A consultoria de branding e design Gad’ apresentou a 7ª edição do seu estudo proprietário anual, o Gad Insights 2026. A pesquisa analisa as transformações no comportamento do consumidor ao longo do último ano e sintetiza suas conclusões em dez diretrizes direcionadas a apoiar empresas nas tomadas de decisão de gestão de marca e posicionamento de mercado.

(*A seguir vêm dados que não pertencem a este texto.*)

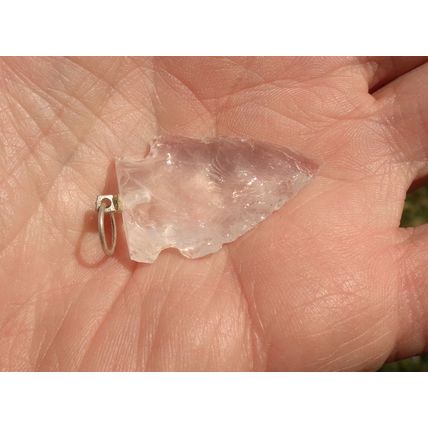 F Quartz Crystal Arrowhead Pendant Stone Bead 1.25 Inch Knapped Craft Jewelry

Sob o tema “O Desafio da Relevância – Como continuar importando em um mundo indiferente?”, o relatório deste ano contextualiza um cenário marcado pelo avanço tecnológico, pela saturação de conteúdos e por um público mais impaciente. O levantamento argumenta que o atributo da diferenciação isolada perdeu eficiência, exigindo que as marcas demonstrem utilidade e propósito prático na rotina de seus públicos. “Em um mundo de alternativas abundantes, ser diferente não garante ser importante. É preciso considerar os consumidores em sua complexidade e construir experiências capazes de devolver sentido em um presente fragmentado. O report de 2026 mostra que ter uma marca forte talvez já não resolva todo o problema”, destaca Luciano Deos, chief executive officer (CEO) do Gad’.

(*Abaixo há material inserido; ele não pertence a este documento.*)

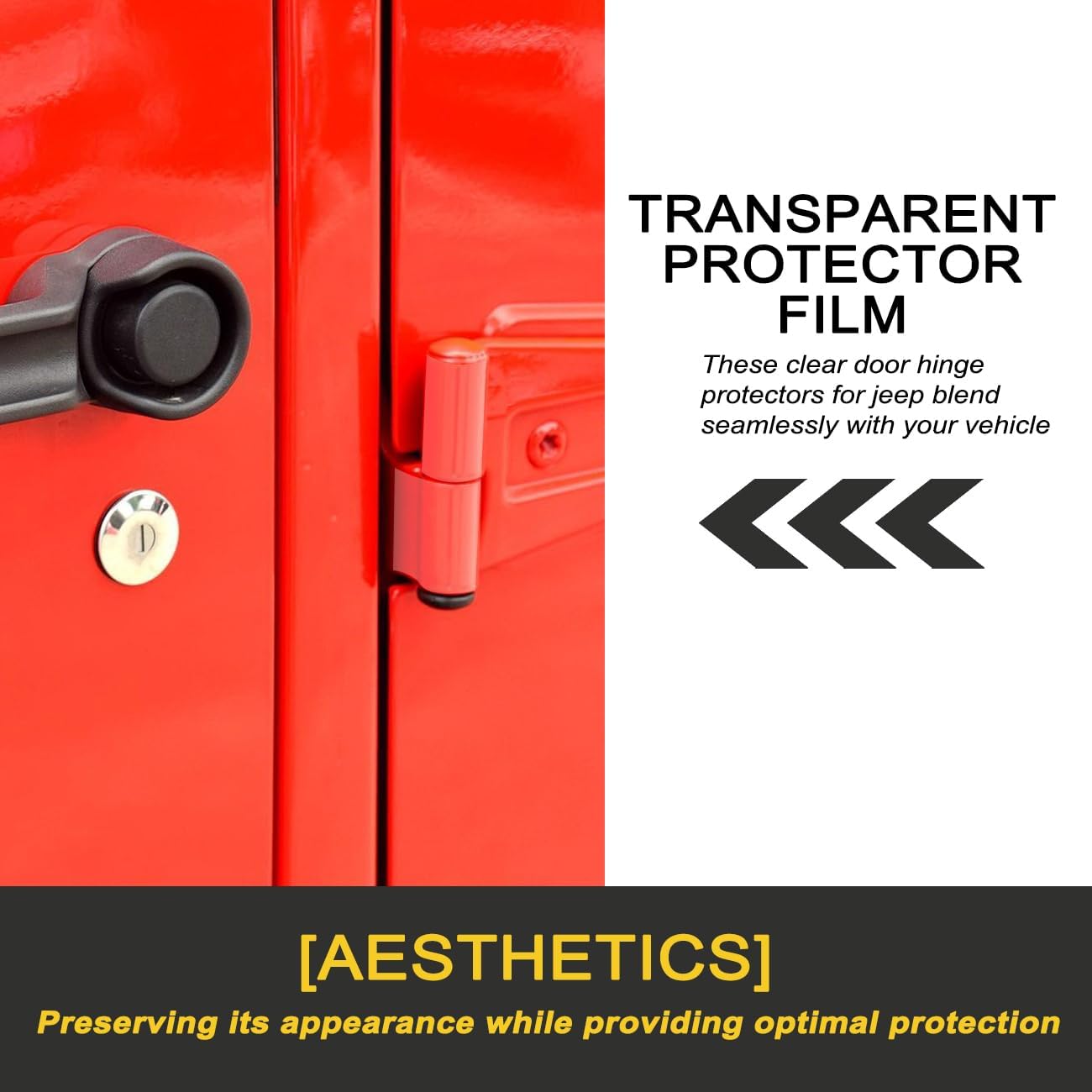 Door Hinge Protector for Jeep Wrangler Door Hinge Covers for Jeep JK Transparent Hinge Protection Film for Jeep Wrangler JK JKU 2007-2018,5Pack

A publicação anual, iniciada em 2020, já abordou tópicos como as reconfigurações de consumo na pandemia, a reputação corporativa e o storydoing em 2022, o conceito de marcas inteligentes em 2023, o fenômeno do overbranding em 2024 e a busca pelo resgate das origens das empresas em 2025.
Na edição atual, a pesquisa mapeia vetores de transformação no mercado global. O documento aborda a busca por autenticidade frente à padronização de materiais via inteligência artificial, o combate ao chamado FOMO corporativo — a tendência de marcas perseguirem movimentos passageiros sem sinergia estratégica — e a ascensão do Generative Engine Optimization (GEO), em resposta ao dado de que 58% dos consumidores globais utilizam IAs generativas em substituição aos buscadores tradicionais. “Vivemos a passagem de uma economia da atenção para uma economia da impaciência. Isso atravessa o consumo, mas também nossa relação com trabalho, conhecimento, entretenimento e até com outras pessoas. Diante de um mercado com tantas alternativas, ninguém quer mais ficar preso a algo, e a lealdade às marcas precisa ser reconquistada todos os dias”, observa Deos.

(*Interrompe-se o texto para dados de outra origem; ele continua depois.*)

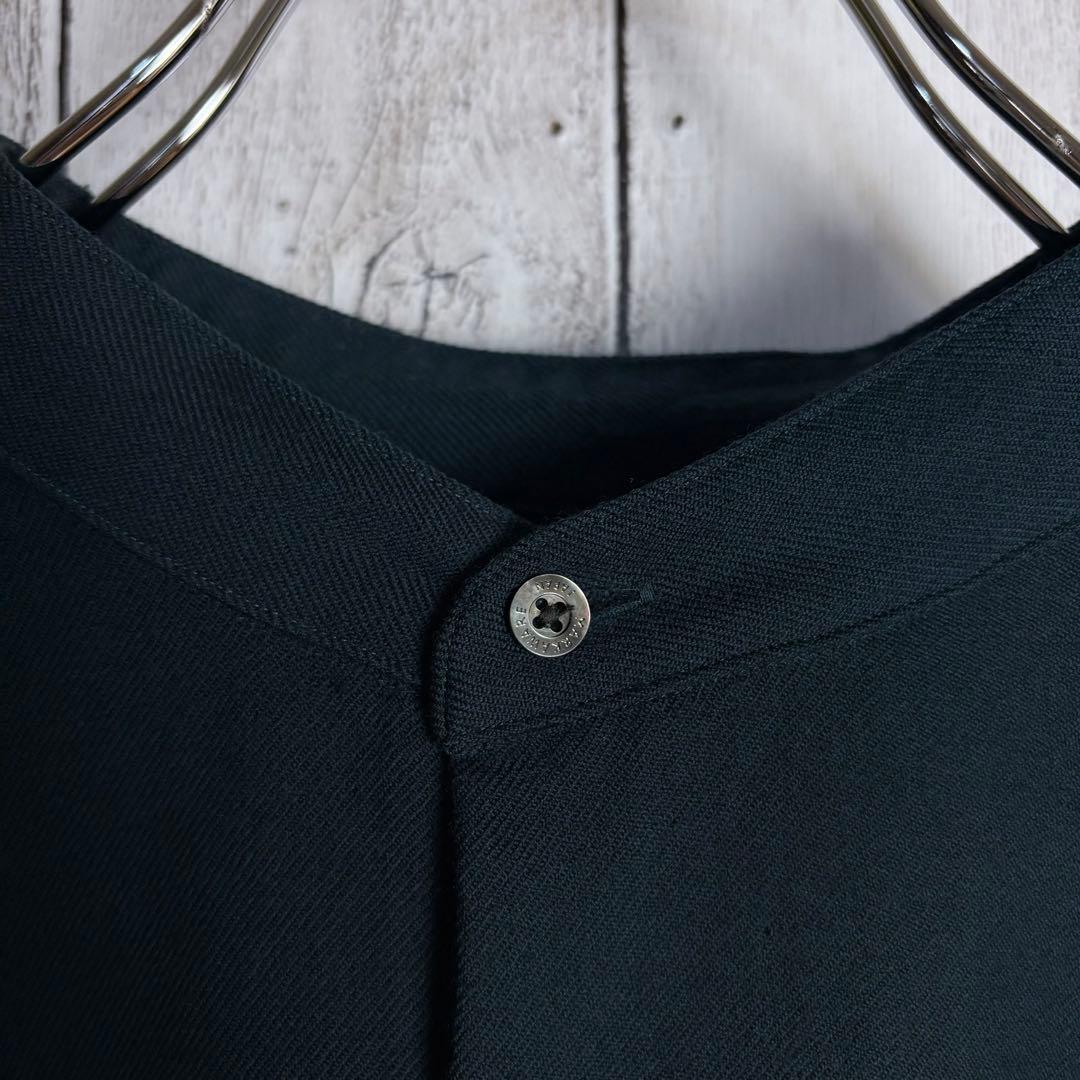 美品 マーカウェア MARKAWARE ノーカラーネルシャツ ダークグリーン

O estudo traz ainda recortes populacionais e econômicos, citando dados da empresa de arquitetura e design Gensler de que entre 15% e 20% da população mundial é neurodivergente, o que exige adaptações sensoriais no varejo físico. O levantamento destaca também a expansão da silver economy, voltada ao público com 60 anos ou mais — segmento que movimenta US$ 4,2 trilhões anualmente no mundo —, e aponta um estudo da BALT indicando que 77% dos consumidores brasileiros exigem evidências concretas para validar compromissos socioambientais anunciados pelas empresas. “Ser relevante hoje é resolver uma necessidade; continuar sendo relevante amanhã exige reconhecer que aquela mesma pessoa terá outro corpo, outra família, outros projetos e outras prioridades. O desafio é construir uma marca capaz de acompanhar essas mudanças, sem gerar dependência ou presumir que sua presença será imutável”, finaliza Deos.